Use data science to analyze the data from FiveThirtyEight.com and draw your own conclusions about who is the most valuable player.
Background
Sports fans and sports teams have long been obsessed with data and numbers. In modern professional sports, data and statistics are heavily used in personnel decisions that can include which players to draft, how much to pay for a given player, and even which players to play in which game situations. The actual statistical models that professional teams use to evaluate their players are kept highly secret, but fans and sports pundits have long engaged in number crunching as they analyze the data from their favorite sports, teams, and players.
One of the best examples out there of this is the FiveThirtyEight website which covers sports, politics, and science through the lens of data. We love what they do with statistics and mathematical modeling around NBA basketball players and teams. We have built an activity for you to work through around the metric that they have developed to rank and compare NBA players in terms of offense, defense, and their overall contribution to their team’s wins and losses. They call it RAPTOR and it stands for Robust Algorithm (using) Player Tracking (and) On/Off Ratings.
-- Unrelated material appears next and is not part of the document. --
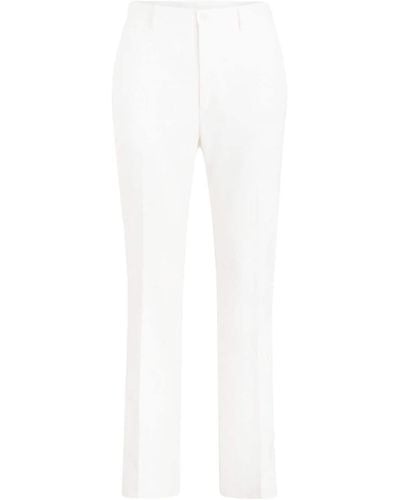 Etro Paisley Jacquard Tailored Pants - White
From the FiveThirtyEight website:
To complete this activity, it is not important that you have a deep understanding of basketball or even of how the RAPTOR metric is calculated. The important thing to remember is that RAPTOR measures how much a player contributes on offense or defense relative to the hypothetical average player. A RAPTOR value of zero would be an average player. High positive values mean the player is making a strong contribution in the measured area (offense, defense, or overall). If you would really like to geek out on how RAPTOR is measured, we suggest that you check this out.
Dataset
We downloaded this data from the FiveThirtyEight.com website here. The dataset contained 826 rows of data for all NBA players. There were separate observations (rows) for a player’s regular season and playoff performances. We took a subset of the data so that it only included data from the regular season on the 381 players who played more than 500 total minutes in games. That subset is the dataset you will use in this activity.
Variables
Player - This is the name of the player. It has been coded as info so you will not use it in graphing, but you can view it by hovering your pointer on any datapoint on the graph.
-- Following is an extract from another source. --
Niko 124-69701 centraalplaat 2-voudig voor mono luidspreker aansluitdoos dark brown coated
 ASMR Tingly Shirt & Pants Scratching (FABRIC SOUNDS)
Team - This categorical variable is the Basketball-Reference ID or three letter code of an NBA team.
Playing Time (min) - This numeric variable is the number of minutes of playing time that a given player had throughout the season. Measured in minutes.
RAPTOR offense - This numeric variable represents points above average per 100 possessions added by player on offense, using both box and on-off components.
RAPTOR defense - This numeric variable represents points above average per 100 possessions added by player on defense, using both box and on-off components.
RAPTOR total - This numeric variable represents the total points above average per 100 possessions added by player on both offense and defense, using both box and on-off components.
Wins Against Replacement (WAR) - This numeric variable represents the hypothetical number of wins a player adds to his team during the regular season relative to a hypothetical average player.
Activity
Get to know the data
Describe how the data are distributed for RAPTOR Offense. In other words, what is the shape of the data when you look at that variable across the entire dataset? Include a histogram as a visual aid to go along with your description.
2. Describe how the data are distributed for RAPTOR Defense. In other words, what is the shape of the data when you look at that variable across the entire dataset? Include a histogram as a visual aid to go along with your description.
Key Questions:
3. Plot RAPTOR offense on Y (as a jittered dot plot) to see the values of all players. Use your pointer to hover and see which player is represented by any data point. Who are the top 3 offensive players in the NBA according to RAPTOR?
4. Plot RAPTOR defense on Y (as a jittered dot plot) to see the values of all players. Use your pointer to hover and see which player is represented by any data point. Who are the top 3 defensive players in the NBA according to RAPTOR?
5. Do good players on offense tend to also be better players when on defense? Plot RAPTOR Offense on X and RAPTOR Defense on Y and include the graph below as visual evidence for your answer.
6. Visually add RAPTOR Total to your graph by showing it as Z on the plot you already made with Plot RAPTOR Offense on X and RAPTOR Defense on Y. Paste your graph here.
7. Based on these data alone who would your top five for NBA MVP be in 2023? List them in order from 1st place to 5th place.
Further Questions
8. The actual top 5 for the 2023 NBA MVP voting are listed in the table below. The voting system for MVP voting awards 10 points for a first place vote, 7 points for a second place vote, 5 for third, 3 for fourth, and 1 point for a fifth place vote.
How do these results differ from your results based on the data alone?
9. The voting for NBA MVP is conducted by humans and is not based on data, although data may influence the MVP voters. Why do the results based on the actual voting differ from the results based on the data alone? What factors other than the data do you think may have been considered when selecting the 2023 NBA MVP?